Dominican Priest and Martyr
(1206-1252)

In 1205 the glorious martyr Peter was born at Verona of Manichean parents; there he nonetheless attended a Catholic school. One day his Manichean uncle asked what he learnt there. The Creed, answered Peter: I believe in God, Creator of heaven and earth. No arguments could shake his faith, and at the age of sixteen he received the habit from Saint Dominic himself at Bologna.

After his ordination, he preached to the heretics of Lombardy and converted multitudes. Saint Peter was constantly obliged to dispute with heretics, and although he was able to confound them, still the devil took occasion thereby to tempt him one day against faith. Instantly he had recourse to prayer before an image of Our Lady, and heard a voice saying to him the words of Jesus Christ in the Gospel, I have prayed for thee, Peter, that thy faith may not fail; and thou shalt confirm thy brethren in it. (Luke 22:32)

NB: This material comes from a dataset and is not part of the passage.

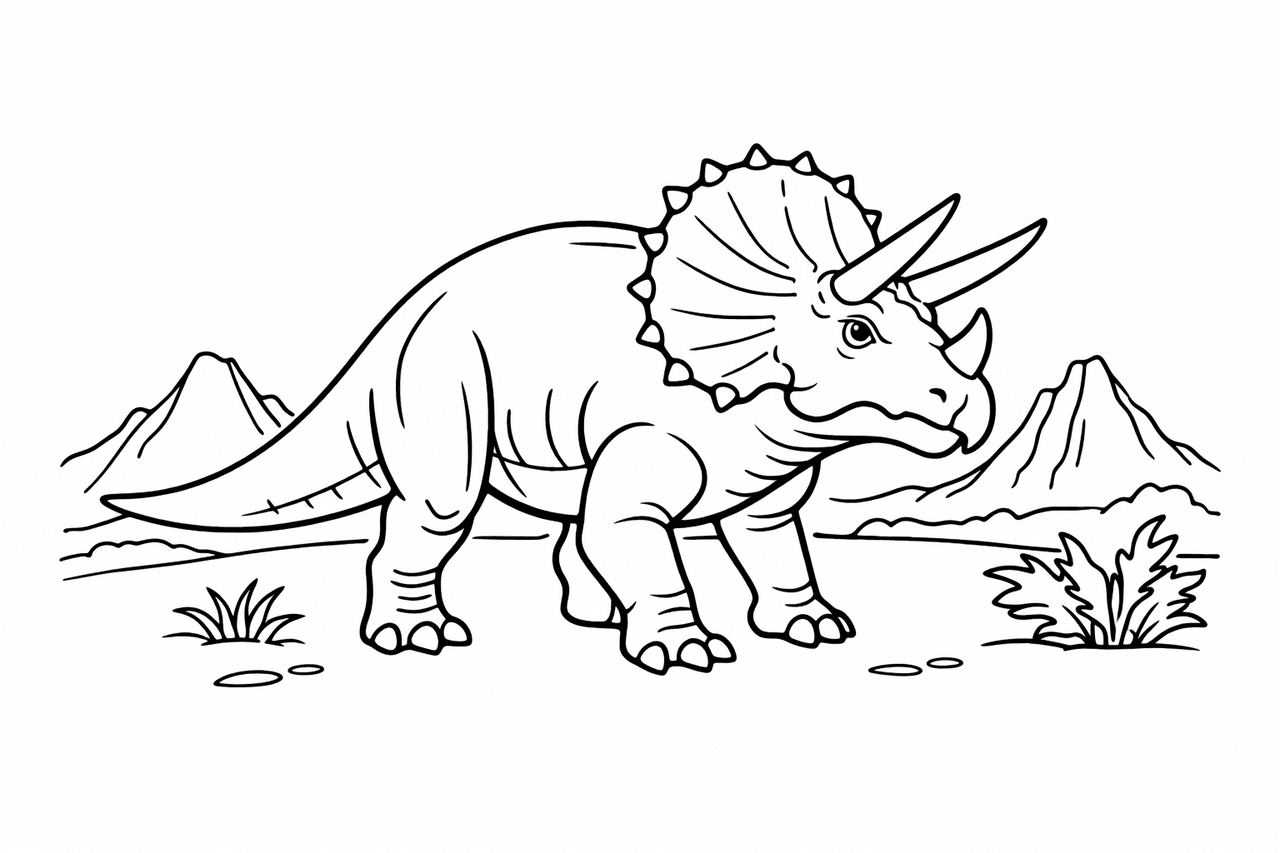 Triceratops - Ausmalbild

He often conversed with the Saints, and one day the martyred virgins Catherine, Agnes and Cecilia appeared to him and conferred with him. A passing religious, hearing their feminine voices, accused him to their Superior, who without hesitation or questions, exiled him to a convent where no preaching was being done. Saint Peter submitted humbly, but complained in prayer to Jesus crucified that He was abandoning him to his bad reputation. The crucifix spoke: And I, Peter, was I too not innocent? Learn from Me to suffer the greatest sorrows with joy. Eventually his innocence was brought to light; for his part, he had learned in his solitude to love humiliation and confusion.

Again engaged in preaching, miracles accompanied his exhortations. He traveled all over Italy and became famous. Once when preaching to a vast crowd under the burning sun, the heretics defied him to procure shade. He prayed, and a cloud overshadowed the audience.

Every day at the elevation of the Mass he prayed, Grant, Lord, that I may die for Thee, who for me didst die. His prayer was answered. His enemies, confounded by him, sought his life. Two of them attacked him in 1252 on the road to Milan and struck his head with an axe. Saint Peter fell, commended himself to God, dipped his finger in his own blood, and wrote on the ground, I believe in God, Creator of heaven and earth. He was then stabbed to death. The brother religious accompanying him also suffered death. The details of the crime were made known by Saint Peter’s murderer, named Carino, who after fleeing from justice confessed his crime, asking for a penance from the Dominican Fathers. He took the habit, and according to their testimony lived the life of a saint and persevered to the end. Miracles at Saint Peter’s tomb and elsewhere converted a great many heretics.

Reflection. From his boyhood Saint Peter boldly professed his faith among heretics. He spent his life in preaching the Faith to them and received the glorious and long-desired crown of martyrdom at their hands. Are we, too, courageous, firm, zealous, full of prayer for their conversion, and unflinching in our profession of faith?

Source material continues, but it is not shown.